Here are a few fairly depressing shots of former RAF Silloth on the coast of West Cumbria. 

Silloth was one of the last "Expansion Period" airfields to open just before the second world war, hence the architecture is a bit more thoughtful than your average disused wartime airfield. It lived on for quite a few years after the war as an RAF station before closing in the 50s. As a matter of interest, a few scenes from the film "The Dambusters" were filmed here.

In the following 50 or so years it went through a bit of a "boom and bust" cycle, with large factories being built on the runways and the old station building being converted for commercial use. The factories are now closed and derelict ( ahem  ) and many of the businesses on the airfield site are also gone. 

The day I visited there was a car boot sale on, and there were literally thousands of people milling around nearby which kind of spoiled things a bit. I did get to wander around the old technical site, and here are some shots of what is left there.

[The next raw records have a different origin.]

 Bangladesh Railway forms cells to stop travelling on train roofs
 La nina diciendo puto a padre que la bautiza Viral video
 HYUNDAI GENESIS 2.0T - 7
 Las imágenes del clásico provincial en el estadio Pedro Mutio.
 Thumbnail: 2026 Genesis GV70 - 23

1.Brick faced water tower:






2.Closer still, note the workmanship of the bricklaying after nearly 70 years:





3.Inside the water tower:





4.The sergeants mess. Note the ornamental bushes that have become trees:





5.Doorway into sergeants mess:





6.General view over the site:





7.Outside a trashed building:





8.Inside same:





9.Station Armoury:





10.Inside same, note asbestos shelves:





11.Inside same, main room:





12.Inside, rifle rack. A little bit of history the vandals have missed:





13.Doorway. I love this colour:





14.The same door, but black and white. Because I can:





15.There was a load of transits parked outside the rather nice grecian guardroom which cocked up the chance of a decent shot, but I did get this from above the door:





16.Birds nesting in a junction box. Fried sparrow anyone?

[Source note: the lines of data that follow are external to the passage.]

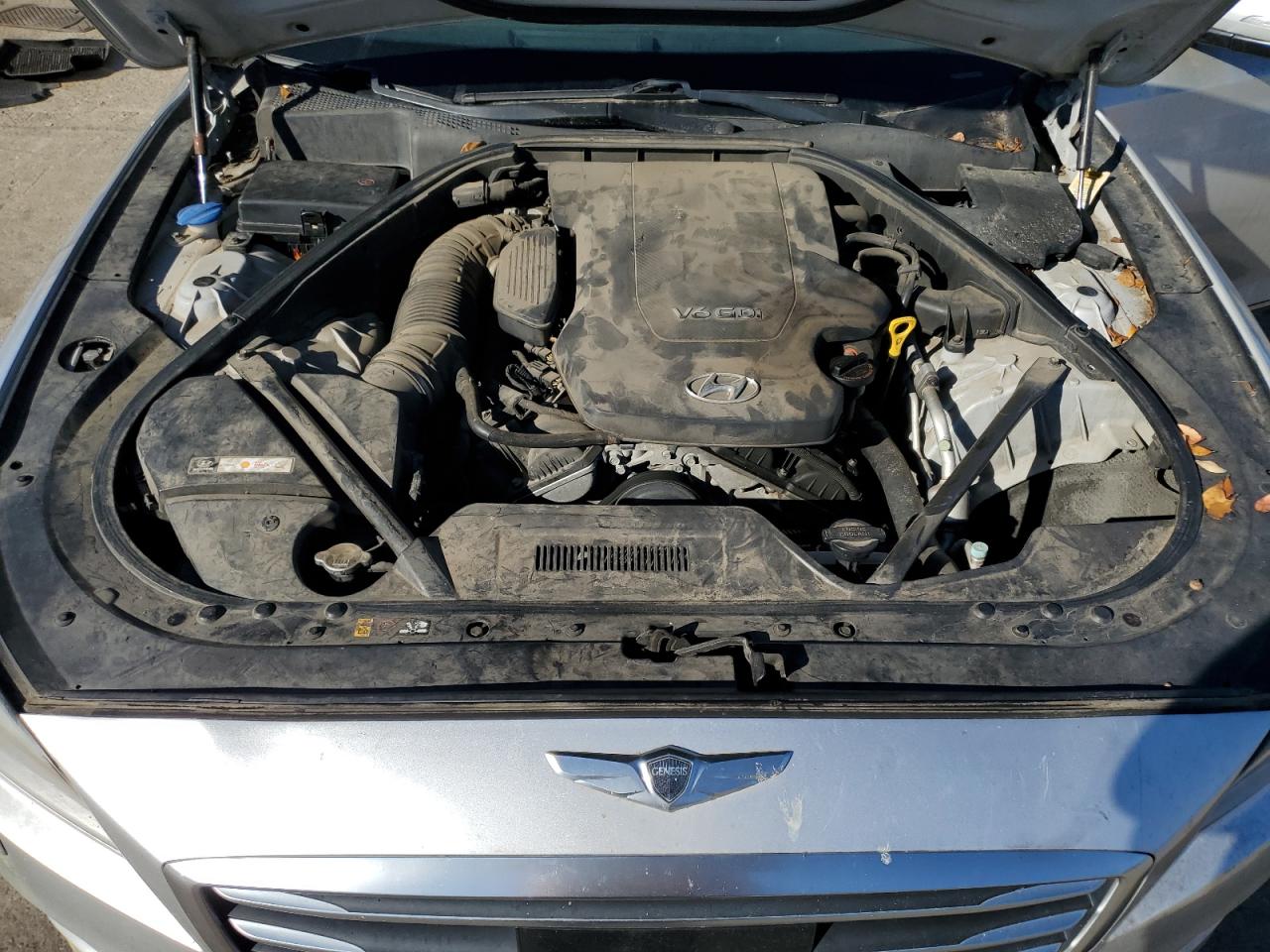 2015 Hyundai Genesis 3.8L VIN: KMHGN4JE6FU072836 Lot: 92810125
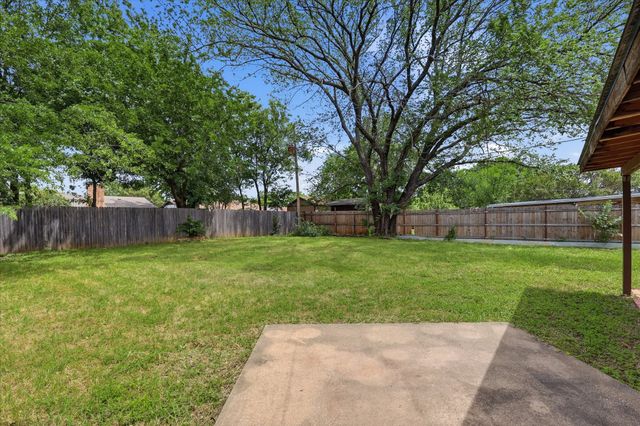 3046 Gene Lane, Haltom City, TX 76117
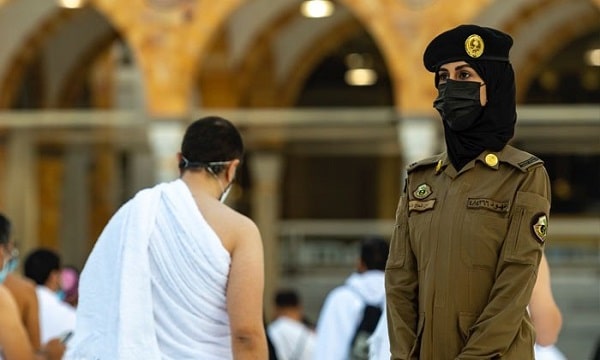 Photo of Female Security Officer in Haram Sharif Makkah Goes Viral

17.I always like to round up with a picture of a toilet. So here it is:





Sadly a lot of the most interesting buildings like the control tower are long since gone, and what is left probably won't be there much longer. I like a bit of dereliction as much as anyone, but this is just a pointless waste of good buildings.


----------



## chelle (Jun 30, 2008)

*Nice one*

I really liked this report mate,you captured the atmos very well..shame its soo far from Swindon!!
regards
Stu


----------



## shatters (Jun 30, 2008)

I believe that part of the site has been obtained by RAF Millom museum.

Phil


----------



## pdtnc (Jun 30, 2008)

good stuff... nice shots.


----------



## krela (Jun 30, 2008)

Wowowow, looks awesome. Thanks for the photos, I would love to see more.


----------



## Random (Jun 30, 2008)

Thanks for that guys, don't have any others at the moment but will undoubtedly be back soon...


----------



## smileysal (Jun 30, 2008)

Enjoyed seeing these, I love old RAF airfields etc. and anything else thats military.

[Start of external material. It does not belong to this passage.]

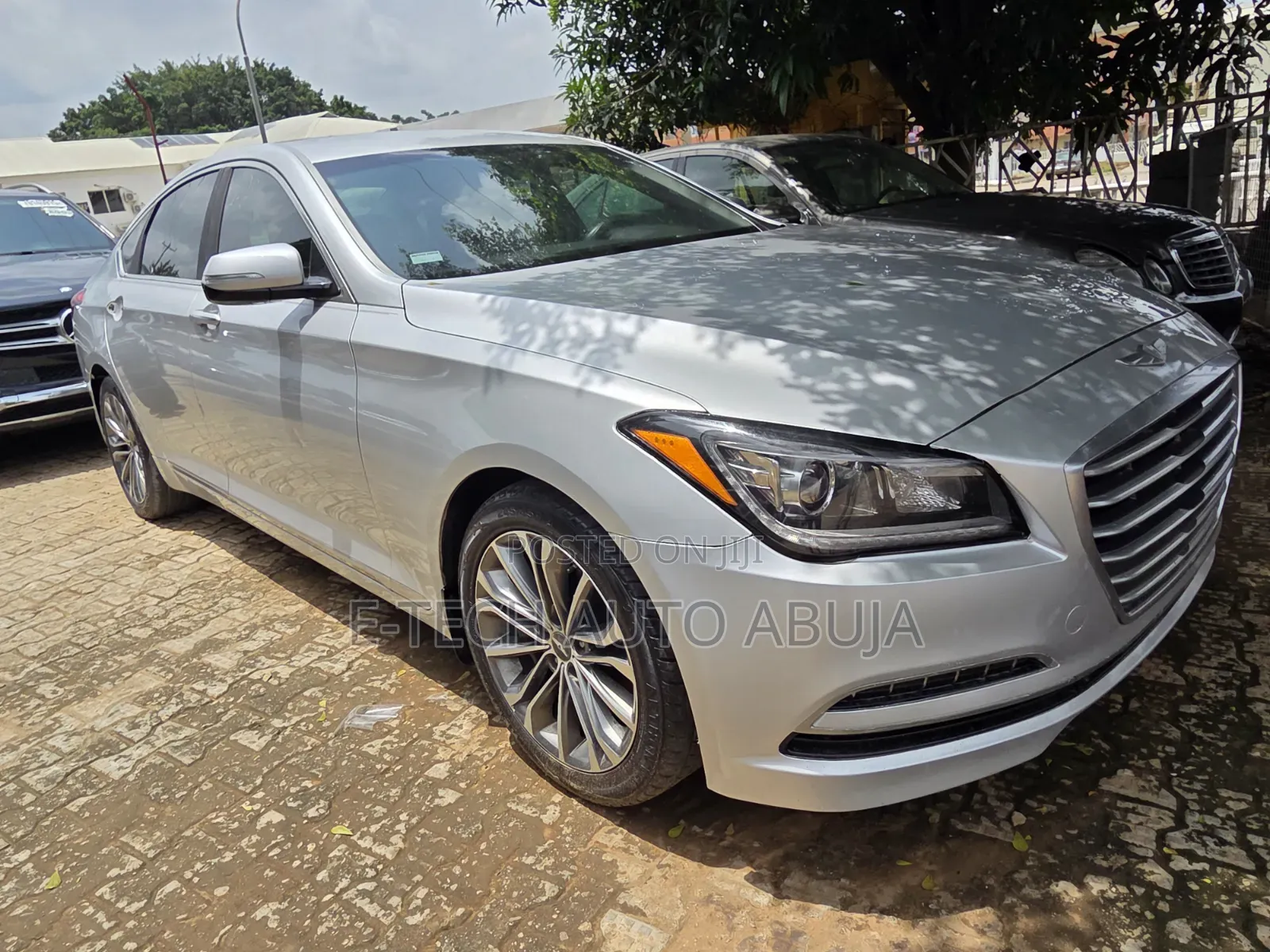 Genesis G90 2015 Silver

Very nice pics. Looking forward to seeing more when you can get back.

Cheers,

 Sal


----------



## Goldie87 (Jun 30, 2008)

Nice pics, I like the look of this place. Could you not get up the water tower?


----------



## Random (Jul 1, 2008)

Not without being Spider Man. The tower was basically hollow all the way up.


----------



## sqwasher (Jul 1, 2008)

Looks really promising...maybe you need to revisit at a quieter time? Got a good selection of pics already mind.


----------



## Foxylady (Jul 2, 2008)

Excellent photos, Random. Some good buildings left...love the door shot of the sergeants mess. Very interesting site.


----------



## Lenny Warren (Jul 11, 2008)

There used to be a caravan site there years back, I seem to remember visting family on holiday there in a caravan about 30 years ago. I remember some air raid shelters and part of the runway!


----------